Who really likes P!nk? This has been a question I've contended with every time another one of Alecia Moore's singles starts climbing the charts and becoming inescapable at drugstore checkouts nationwide. Even her catchiest songs seem at best like something you'd turn up for 30 seconds and sing along to in the car with the specific aim of annoying whoever was in the passenger seat — but I have a hard time trying to figure out who would actually hear one of them and sign up for her proverbial newsletter. Ardent fan bases I get: Lady Gaga. Rihanna. Britney Spears. Taylor Swift. Katy Perry. Motherfuckin' Ke$ha. These artists (and their songwriters and stylists and various handlers) all provide some form of context for their charisma and quirks — Swift, as noted by seemingly every Internet publication this week (this one included), is particularly killing it at this game. The most powerful pop singers continue to weave a emotional-stylistic narrative with each new single and album — like a great episode of Breaking Bad, it's even better if you've been along for the journey up until that point. There's a sense of ownership. We are fans of artists not only because of what they output to the world, but because we like what it says about us when we align ourselves with them.

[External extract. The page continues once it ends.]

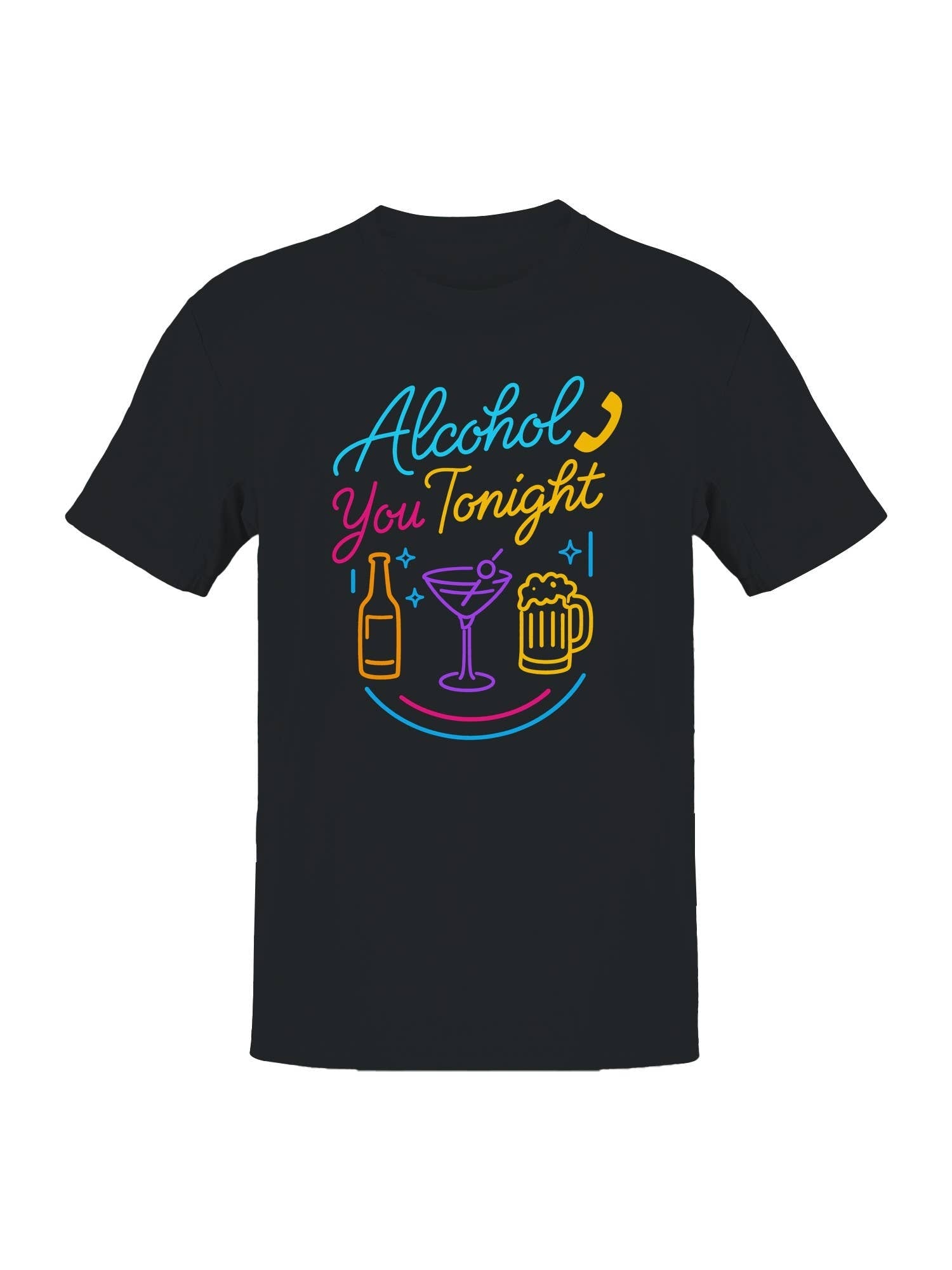Neon Cocktail Night Fun Men's - Adult & Kids T-Shirts, Sweatshirts & Hoodies apparel design preview 1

If I'm not paying close enough attention, then I'd welcome a counterargument — but I don't think it means that much to be a P!nk fan (and I mean a legit, concert-going fan, not someone who jams to "Sober" sometimes in the shower). Or maybe I do know what it means, but I don't like it, mostly because of how little it means. And while I know we're not here to discuss superfans; they're often a driving force in how stuff ends up being Overplayed. So who is buying P!nk's albums? Who's requesting her on the radio? Who's downloading "Blow Me (One Last Kiss)" on iTunes?

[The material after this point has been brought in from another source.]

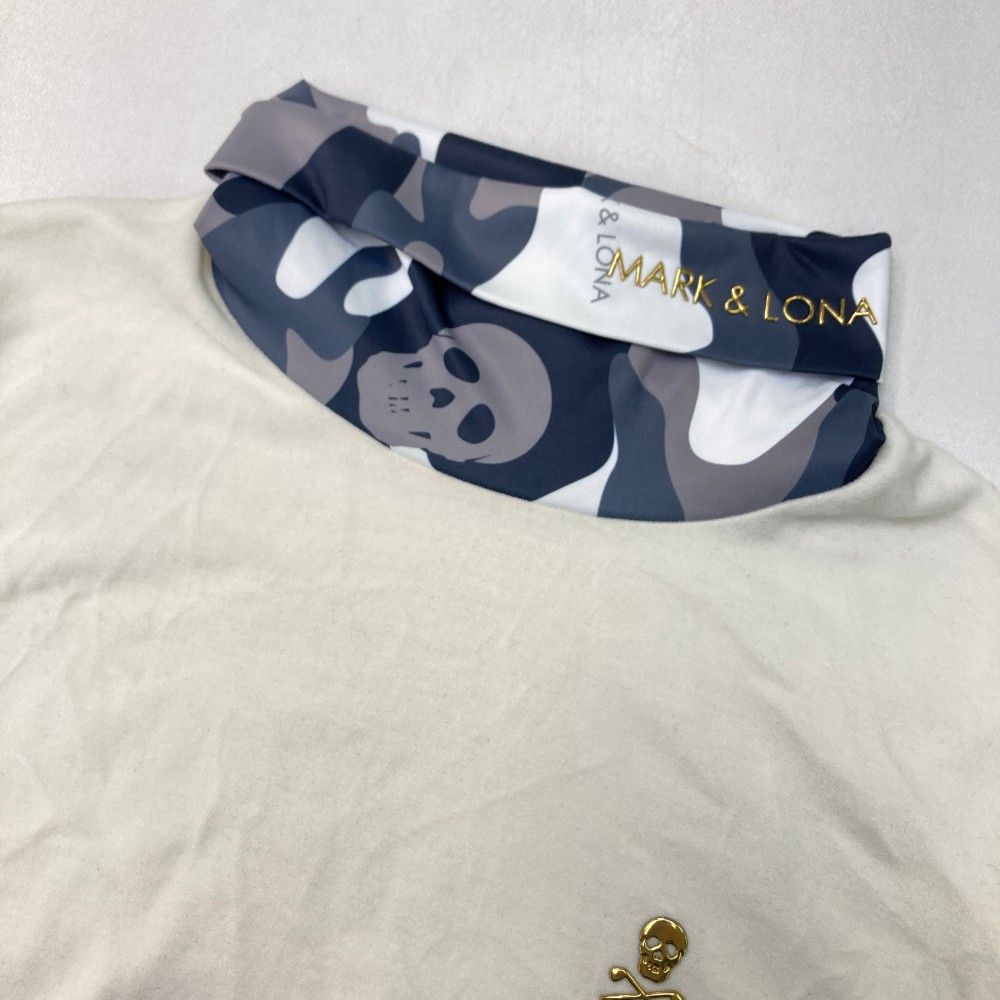 サイズ：38 MARK&LONA マークアンドロナ  起毛 タートルネック 長袖Tシャツ  ホワイト系 [240101436115] ゴルフウェア レディース ストスト サイズ：38 MARK&LONA マークアンドロナ 起毛 タートルネック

This is another raging breakup song from Moore, with a chorus so strained and shouty you can barely make out what she's saying, but not in a cool rock-star way, just in a way that suggests that she should perhaps not be singing those notes. She crams too many "clever" words into what could have been a simple, catchy chorus (call me a purist, but I much prefer when she just starts singing "nana na nana na" near the end). P!nk's body of work somehow manages to scream "Look at me!" while simultaneously inspiring zero curiosity or fascination with its creator. "Blow Me," whose oh-so-saucy title just dares you to send it to timeout, is no different.
Production notes: I'm already asleep by the time the opening guitar line comes in, fresh and exciting as Franz Ferdinand's "Take Me Out" over the sound of a Frappucino machine in 2012. Moore's voice is doubled up in harmonies or octaves throughout most of the song, which takes the edge off of it, as well as the potential for any ray of human personality to shine through the layers of production. This song sounds like something from a web ad on a streaming episode of a CW show, a subgenre with which I am unfortunately very familiar. All I keep thinking is that someone is trying to sell me shampoo.
Lyrical notes: The bridge is the highlight of the song lyrically and melodically, although P!nk's signature awkward vulgarity, as previously identified and dissected by the DIVAWATCH committee (who have a much higher tolerance for her than I do, apparently), rears its head in the second verse in the form of the charming phrase "sick whiskey dick," and then again in the repeated refrain "I had a shit day / You had a shit day / We had a shit day." You can practically hear Ms. Moore calling up her mom before heading to the recording studio to warn her that she's going to say some naughty words in a rock song again, and that Mom had better wait for the radio edit. Don't worry, Alecia. Your mom and I are both very convinced that you are a wild, rebellious woman. We just wish you'd use your powers for good.